Peças de terreiros de candomblé e objetos da vida cotidiana são expostos pela primeira vez para propor leituras ampliadas da sociedade

Escultura de Iemanjá integra mostra que está sendo organizada pelo Museu da República

Oscar Liberal / Museu da República

Depois de nove anos fechado para obras de reforma e restauração, o Museu do Ipiranga, espaço expositivo do Museu Paulista da Universidade de São Paulo (MP-USP) na capital paulista, reabriu suas portas em setembro imbuído dessa nova proposta, visível por exemplo no diálogo entre produções monumentais com objetos do cotidiano. Assim, o visitante pode admirar não só obras do pintor e desenhista José Ferraz de Almeida Júnior (1850-1899), mas também objetos da vida doméstica e do mundo do trabalho que até recentemente permaneceram guardados na reserva técnica. Quadros icônicos como Partida da monção foram dispostos com o mesmo destaque dado a martelos, máquinas de costura, moedores de carne, jarras de plástico em formato de abacaxi, liquidificadores, brinquedos antigos e bibelôs.

“Elementos da cultura material, como os objetos da vida cotidiana, são caminhos para a compreensão da sociedade”, sustenta a historiadora Vânia Carneiro de Carvalho, do MP-USP. Nessa proposta, equipamentos de cozinha podem ser utilizados para remeter à figura da empregada doméstica e lembrar da posição subordinada da mulher negra na sociedade. Em uma das salas do MP também é possível observar esculturas de porcelana francesa do século XVIII dispostas ao lado de bibelôs baratos, tradicionalmente malvistos por historiadores da arte. “Esses bibelôs, feitos prioritariamente por trabalhadoras mulheres, foram um fenômeno de moda nas décadas de 1950 e 1960 e conviveram com a expansão do mobiliário modernista em residências brasileiras”, conta a historiadora.

No Museu do Ipiranga, a revisão do perfil das coleções com o objetivo de torná-las socialmente mais abrangentes começou a ser constituída há cerca de 20 anos. Em 2010 o museu realizou um investimento de R$ 700 mil para a expansão de seu acervo. “Para organizar e expor essas novas coleções, montamos um grupo curatorial integrado por funcionários, pesquisadores de iniciação científica, mestrado e doutorado, mas também moradores do próprio bairro onde se situa o museu. Muitos deles têm perfil conservador e não aprovaram a incorporação de bibelôs e objetos de plástico na exposição”, relata Carvalho. Segundo ela, mesmo com essa discordância, ao retirar as peças da reserva técnica e levá-las para salas de exposição, o museu provoca o espectador a aprofundar sua compreensão da sociedade.

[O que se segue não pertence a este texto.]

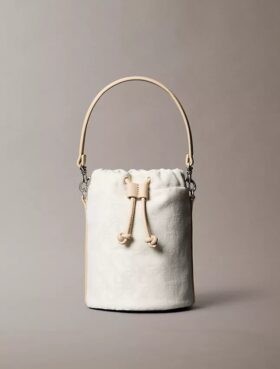Torba typu bucket z nadrukiem Monogramu na całej powierzchni Torba typu bucket z nadrukiem Monogramu na całej powierzchni
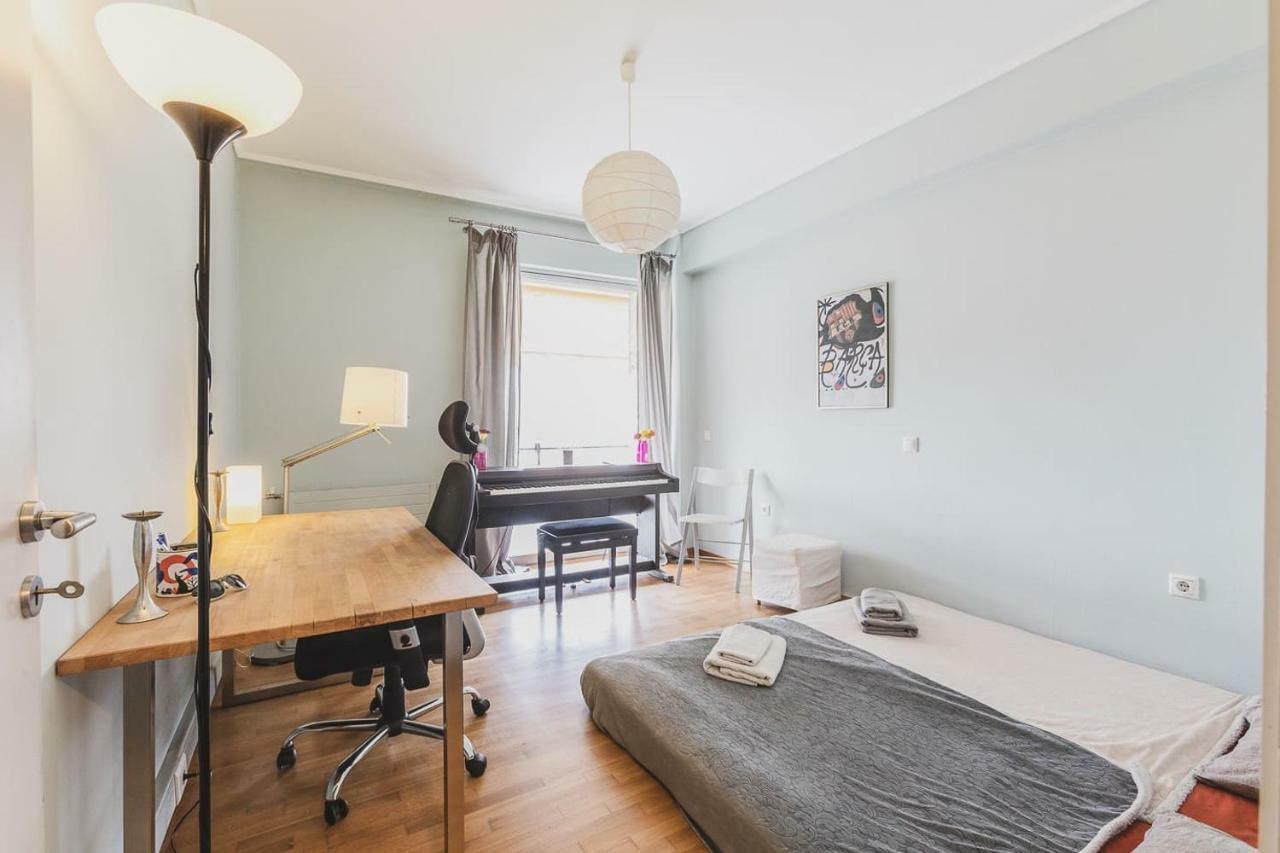 Spacious & Modern Flat In Heart Of Афины Экстерьер фото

As reflexões que embasaram o desenvolvimento desse acervo do MP começaram há cerca de 30 anos, com o trabalho do historiador Ulpiano Bezerra de Meneses, que dirigiu a instituição entre 1989 e 1994. “Ao criar frentes de pesquisa voltadas a diferentes grupos sociais, Meneses procurou romper com a história celebratória que caracterizou a gestão feita pelo historiador Afonso d’Escragnolle Taunay [1876-1958], entre 1917 e 1946”, comenta. De acordo com Carvalho, Taunay investiu em propostas curatoriais que ajudaram a construir a ideia de um Brasil pacificado, orgulhoso da atuação dos bandeirantes, voltado a apagar ou apaziguar o papel desempenhado por populações como as indígenas ou de escravizados. “Essas características balizaram as exposições até 1990. Com base nos trabalhos desenvolvidos desde a gestão de Meneses, reformulamos e ampliamos a proposta curatorial do museu enquanto ele esteve fechado. Agora esses resultados podem ser vistos”, afirma a pesquisadora.

Para o historiador Paulo César Garcez Marins, da mesma instituição, as mudanças permitem que o museu compartilhe com o público a responsabilidade em torno da reflexão histórica, mesmo quando se trata de olhar para estátuas de bandeirantes, como as de Antônio Raposo Tavares (1598-1659) ou de Fernão Dias (1608-1681) (ver o vídeo Como o Museu do Ipiranga repensa os personagens da história). As pinturas e esculturas que decoram o hall, a escadaria e o salão nobre do museu são tombadas e não podem ser retiradas, mas passaram a ser questionadas por meio de textos, recursos multimídia e audiodescrições. “Por meio de indagações como essas, desafiamos interpretações históricas correntes sobre o Brasil e fomentamos a realização de visitas intelectualmente ativas”, diz.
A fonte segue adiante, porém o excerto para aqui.